Professor, Judge Schwebel, wrote in What Weight to Conquest:
"(a) a state [Israel] acting in lawful exercise of its right of self-defense may seize and occupy foreign territory as long as such seizure and occupation are necessary to its self-defense;
"(b) as a condition of its withdrawal from such territory, that State may require the institution of security measures reasonably designed to ensure that that territory shall not again be used to mount a threat or use of force against it of such a nature as to justify exercise of self-defense;
"(c) Where the prior holder of territory had seized that territory unlawfully, the state which subsequently takes that territory in the lawful exercise of self-defense has, against that prior holder, better title.
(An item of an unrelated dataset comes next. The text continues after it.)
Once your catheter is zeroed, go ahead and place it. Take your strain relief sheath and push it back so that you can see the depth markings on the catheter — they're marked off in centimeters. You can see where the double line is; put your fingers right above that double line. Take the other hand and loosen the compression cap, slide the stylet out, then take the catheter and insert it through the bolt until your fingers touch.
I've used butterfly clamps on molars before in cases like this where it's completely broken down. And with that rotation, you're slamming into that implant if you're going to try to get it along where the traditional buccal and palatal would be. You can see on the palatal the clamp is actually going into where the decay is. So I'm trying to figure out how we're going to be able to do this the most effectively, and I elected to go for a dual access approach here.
"... as between Israel, acting defensively in 1948 and 1967, on the one hand, and her Arab neighbors, acting aggressively, in 1948 and 1967, on the other, Israel has the better title in the territory of what was Palestine, including the whole of Jerusalem, than do Jordan and Egypt."
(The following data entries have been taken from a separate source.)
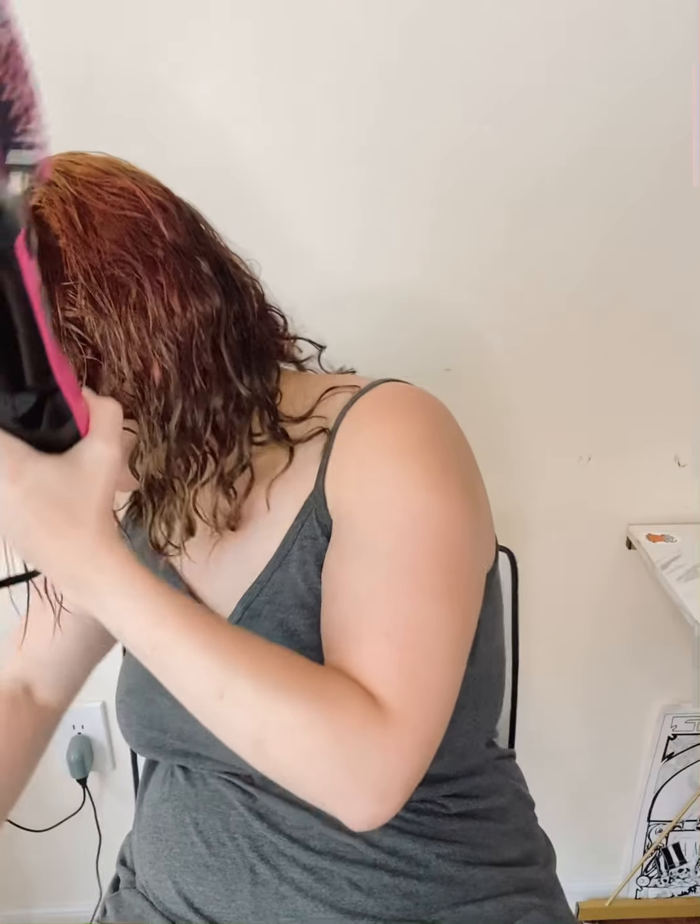So this is supposed to detangle and dry your hair, so it's like a detangler and a blow dryer in one — and a brush, obviously. That just clicks on there like that. Let's go ahead and plug it in.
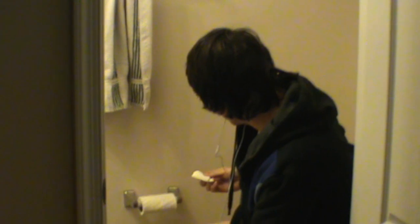Oh — a little bit of blood. Wipe again just to make sure. Okay, we're good.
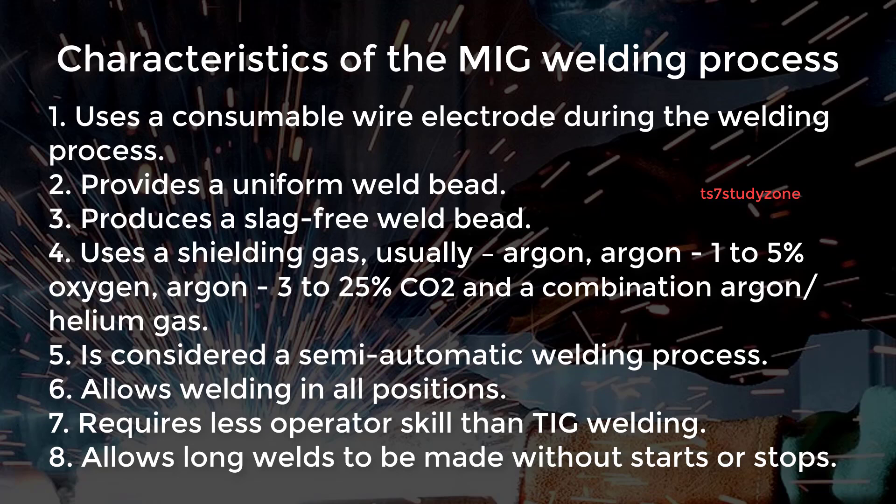Five, it is considered a semi-automatic welding process. Six, it allows welding in all positions. Seven, it requires less operator skill than TIG welding. Eight, it allows long welds to be made without starts or stops.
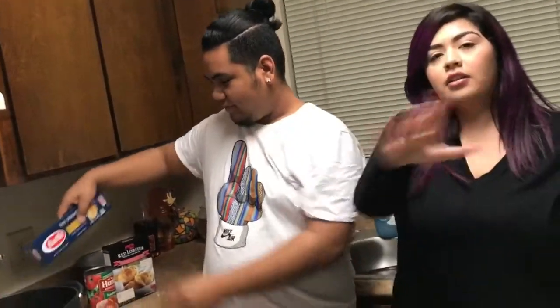Hey guys, welcome to today's video! Today we're doing a different video and you're gonna cook with us. Tell me what we're making — spaghetti!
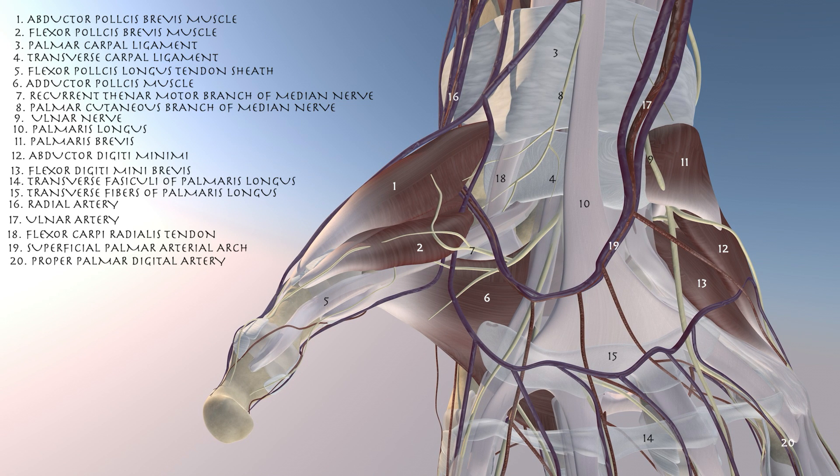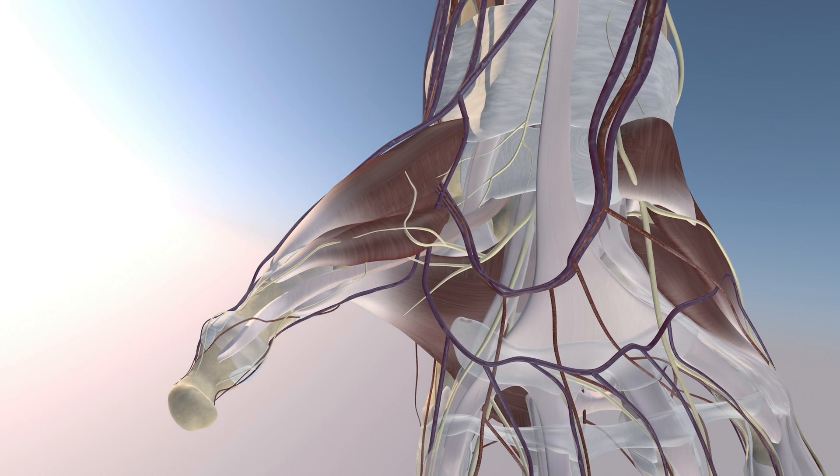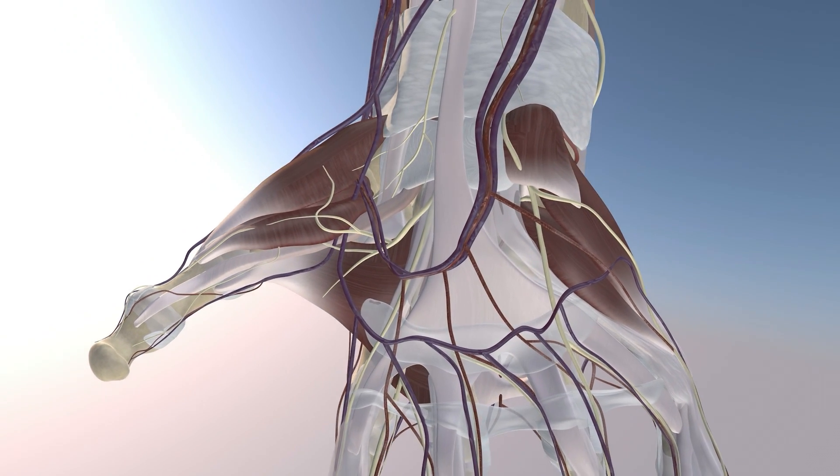Here we're going to go through a trigger thumb injection. We're going to focus on the anatomy around the flexor pollicis longus tendon, where you can see the flexor pollicis brevis muscle just overlying that tendon. And overlying that muscle is the adductor pollicis brevis muscle. Here we just remove the tendon sheath of the flexor pollicis longus tendon.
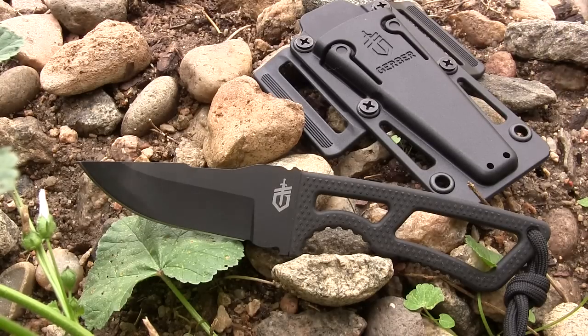Let's go ahead and start using this knife and take a look at the blade here on the Gerber Ghost Strike.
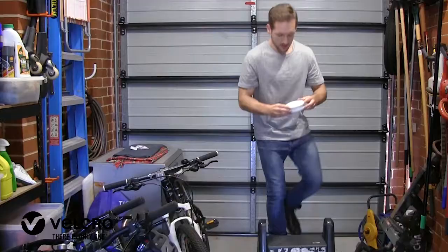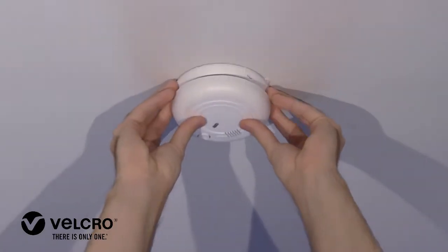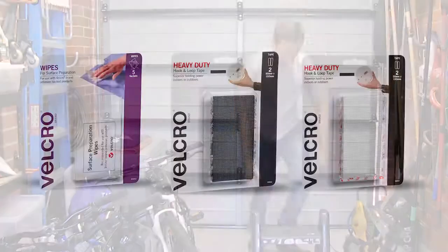Velcro brand wipes come in sets of five sachets and heavy-duty tape in two sets of 50 by 100 millimeters.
"No legal Right Shall Spring from a Wrong"
Professor Schwebel explains that the principle of "acquisition of territory by war is inadmissible" must be read together with other principles:
"... namely, that no legal right shall spring from a wrong, and the Charter principle that the Members of the United Nations shall refrain in their international relations from the threat or use of force against the territorial integrity or political independence of any State."
Simply stated: Arab illegal aggression against the territorial integrity and political independence of Israel, cannot and should not be rewarded.
Professor Julius Stone, a leading authority on the Law of Nations, stated:
"Territorial Rights Under International Law.... By their [Arab countries] armed attacks against the State of Israel in 1948, 1967, and 1973, and by various acts of belligerency throughout this period, these Arab states flouted their basic obligations as United Nations members to refrain from threat or use of force against Israel's territorial integrity and political independence. These acts were in flagrant violation inter alia of Article 2(4) and paragraphs (1), (2), and (3) of the same article."
Thus, under international law Israel acted lawfully by exercising its right to self-defence when it redeemed and legally reoccupied Judea and Samaria, known also as the West Bank.
Legalities aside, before 1967 there were no Jewish settlements in the West Bank, and for the first ten years of so-called occupation there were almost no Jewish settlers in the West Bank. And still there was no peace with the Palestinians. The notion that Jewish communities pose an obstacle to peace is a red herring designed to blame Israel for lack of progress in the 'Peace Process' and enable Palestinian leadership to continue to reject any form of compromise and reconciliation with Israel as a Jewish state.